Nginx’s limit_req and limit_conn directives, while often discussed together, actually tackle two fundamentally different kinds of overload.
Let’s see limit_req in action. Imagine you have a signup form and you want to prevent brute-force attacks by limiting how often a single IP address can submit it.
http {
limit_req_zone $binary_remote_addr zone=mylimit:10m rate=10r/s;
server {
listen 80;
server_name example.com;
location /signup {
limit_req zone=mylimit burst=20 nodelay;
proxy_pass http://backend_server;
}
}
}
Here, $binary_remote_addr tells Nginx to track requests based on the client’s IP address. zone=mylimit:10m creates a shared memory zone named mylimit that’s 10 megabytes in size to store this tracking data. rate=10r/s sets the hard limit: no more than 10 requests per second on average. burst=20 allows a temporary burst of up to 20 requests that exceed the rate, and nodelay means those burst requests are processed immediately, rather than being delayed.
limit_conn is for controlling the number of simultaneous connections from a single IP, not the rate of requests. This is crucial for preventing resource exhaustion on your server if a client opens many connections and keeps them open without sending much data.
http {
limit_conn_zone $binary_remote_addr zone=addr:10m;
server {
listen 80;
server_name example.com;
location / {
limit_conn addr 10;
proxy_pass http://backend_server;
}
}
}
In this example, limit_conn_zone $binary_remote_addr zone=addr:10m; defines a zone named addr that tracks clients by IP, using 10MB of shared memory. limit_conn addr 10; then applies this zone to the / location, ensuring no single IP can maintain more than 10 simultaneous connections.
The core problem Nginx’s rate limiting solves is preventing a single client (or a coordinated group of clients) from overwhelming your server’s resources. This can happen through accidental misconfiguration, legitimate but high-traffic scenarios, or malicious attacks like DDoS or brute-force attempts. limit_req acts like a traffic cop for request frequency, while limit_conn acts like a bouncer for connection volume.

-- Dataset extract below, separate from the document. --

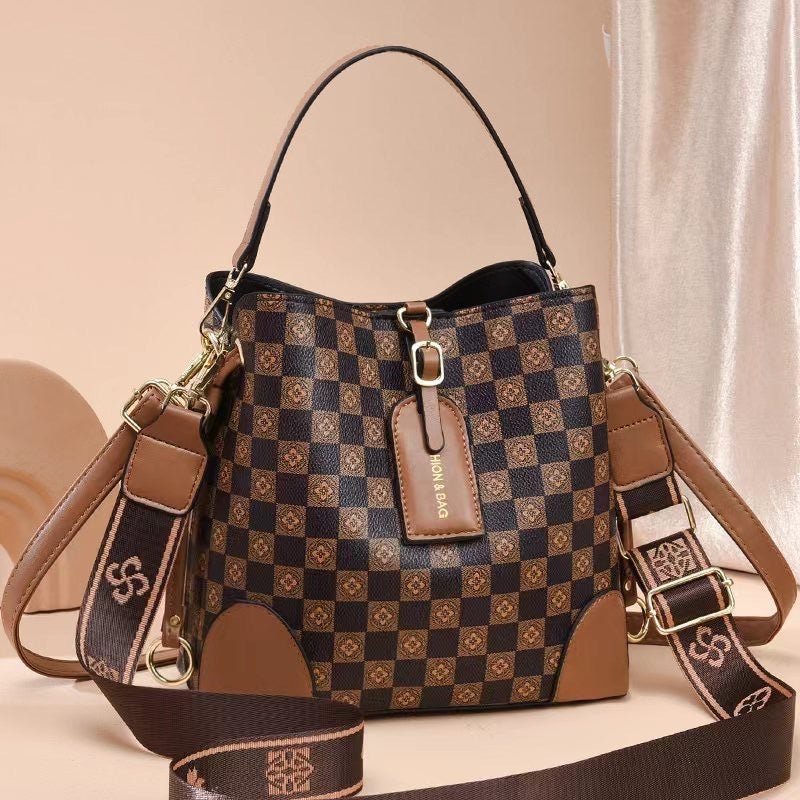 New Exquisite Women'S Bag Bagpu Plaid Bucket Bag Large Capacity Shoulder Bag Crossbody Bag Ladiesbags - Image 1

Internally, limit_req uses a token bucket algorithm. The rate defines how fast tokens are added to the bucket, and the burst defines the bucket’s capacity. Each incoming request consumes a token. If the bucket is empty, the request is either delayed (delay parameter) or rejected. limit_conn is simpler: it just counts active connections for a given key (like an IP address) and rejects new ones if the limit is hit.
The zone directive is critical. It specifies a shared memory zone where Nginx stores the state for all the clients being limited. Without it, each worker process would have its own independent limits, rendering the configuration useless for global limits. The size of the zone (e.g., 10m) needs to be sufficient to hold the state for all expected unique clients. A rough estimate is 64 bytes per entry (client IP and its state). So, 10MB can typically handle around 160,000 unique clients.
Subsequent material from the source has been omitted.